Nous prenons le Tube train de Paddington. Quelques minutes après, nous débarquons à la station de Highbury. Dix minutes de marche, dans le noir total, et nous arrivons au 13, Highbury New Park, chez M. et Mme Edgar et Mary Rees. Leur logis est situé au rez-de-chaussée de l’immeuble. M. et Mme Rees m’accueillent chaleureusement.
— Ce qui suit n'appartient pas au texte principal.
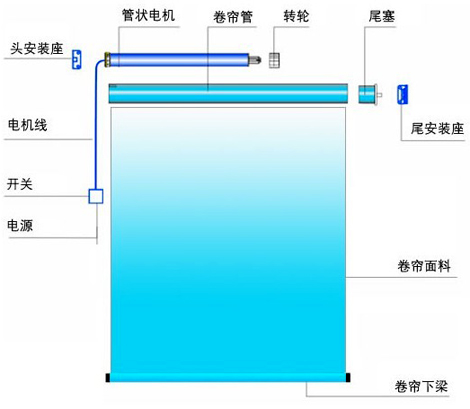 電動卷簾結(jié)構(gòu)圖.jpg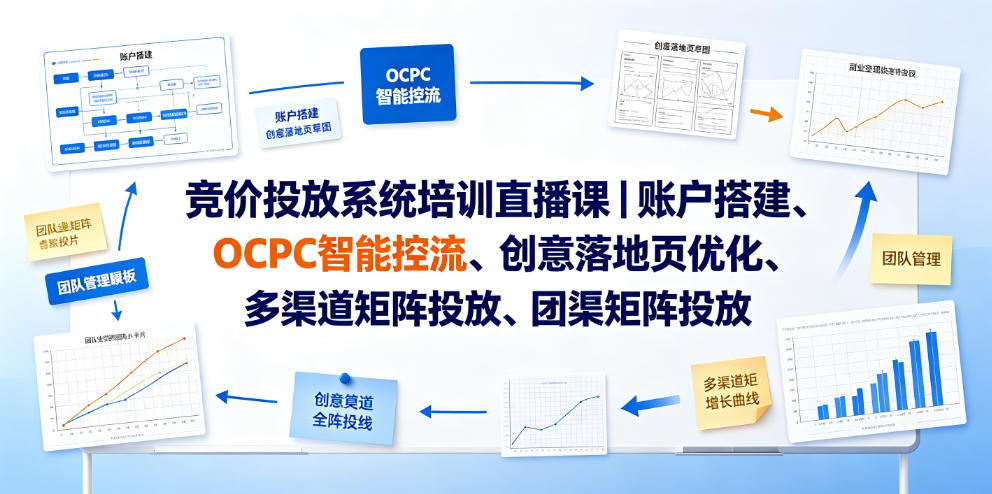 竞价投放系统培训直播课｜账户搭建、OCPC智能控流、创意落地页优化、多渠道矩阵投放、团队管理与副业变现全阶实战-洛柒笔记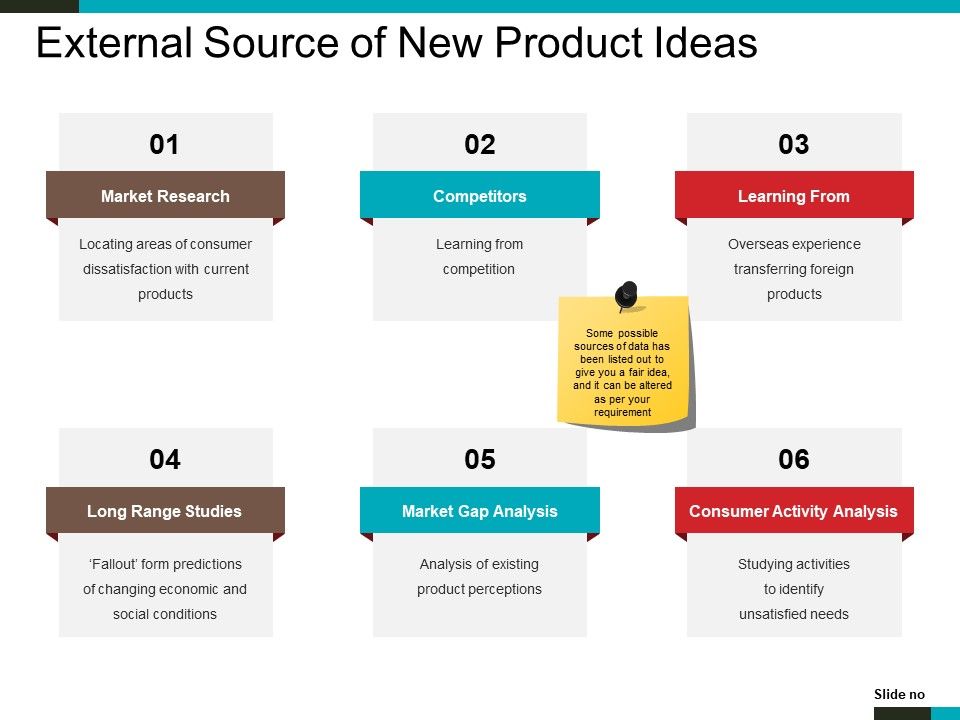 External_Source_Of_New_Product_Ideas_Ppt_PowerPoint_Presentation_Icon_Master_Slide_Slide_1.jpg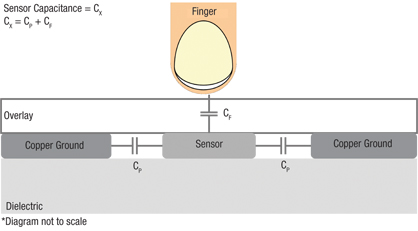 Figure 2: Summation of capacitances.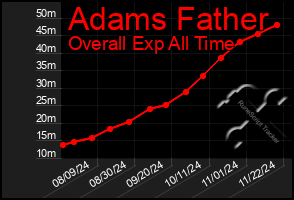 Total Graph of Adams Father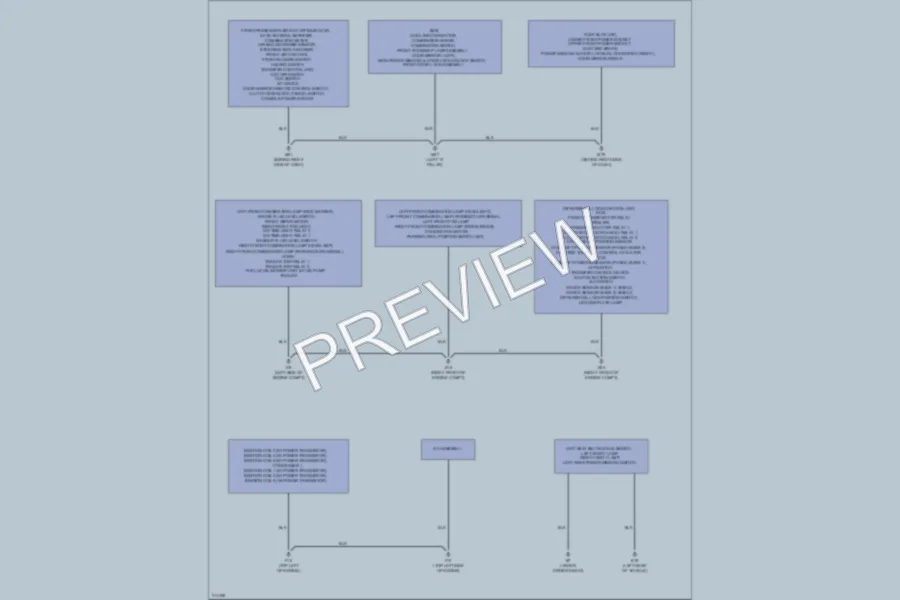 2005 Nissan Xterra Ground Distribution wiring diagram preview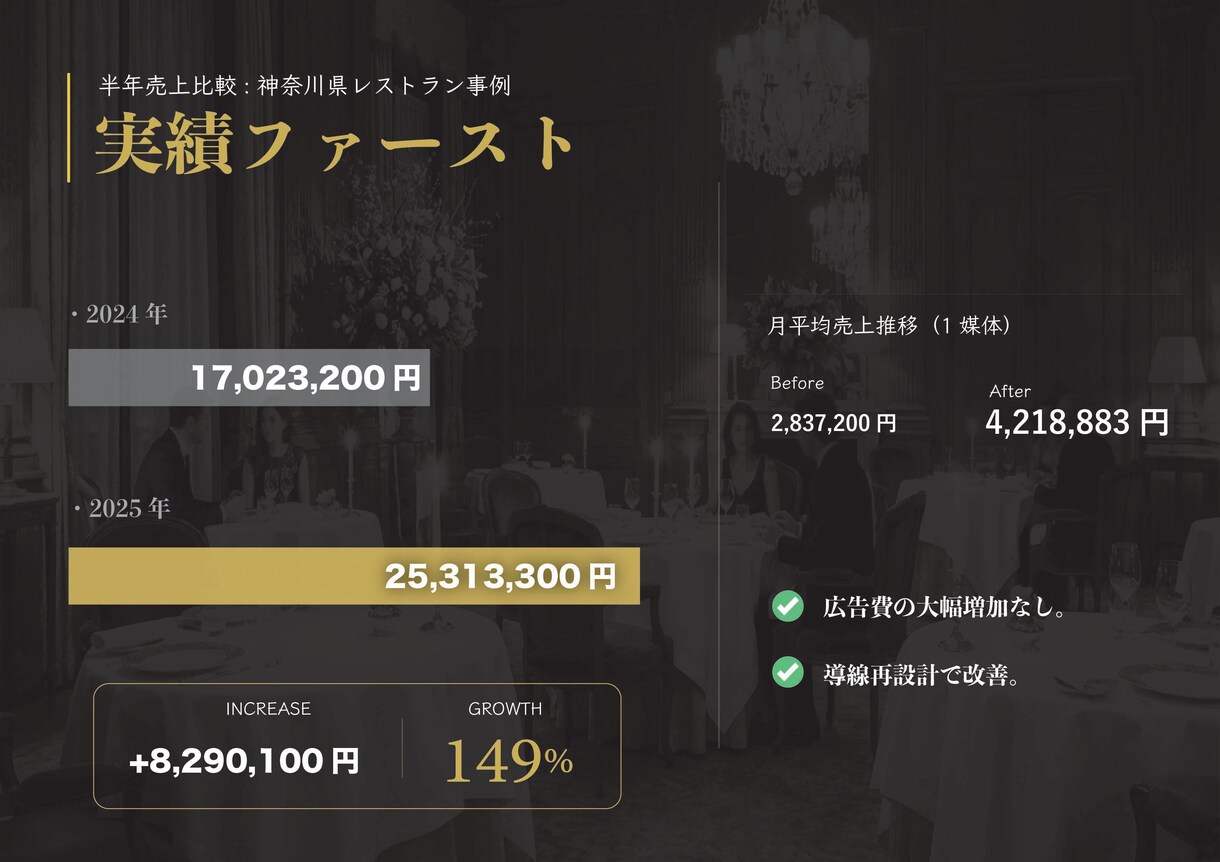 高単価レストランの予約導線を診断します Google・食べログ・一休・公式を簡易診断 イメージ4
M. Rees est un vétéran de la guerre 14-18. Il a servi dans l’armée britannique comme sous-officier. Il était cantonné dans la forteresse impériale d’Aden, stratégiquement située pour interdire l’accès à la mer Rouge aux ennemis de l’Empire. Désormais spécialiste en communications téléphoniques, il travaille pour la Poste royale, à titre de responsable de la téléphonie à Londres. Temps de guerre oblige, Mme Rees a été recrutée pour sa part pour effectuer du travail à temps partiel dans une maison de fabrication d’optiques. Tous les citoyens travaillent pour la victoire.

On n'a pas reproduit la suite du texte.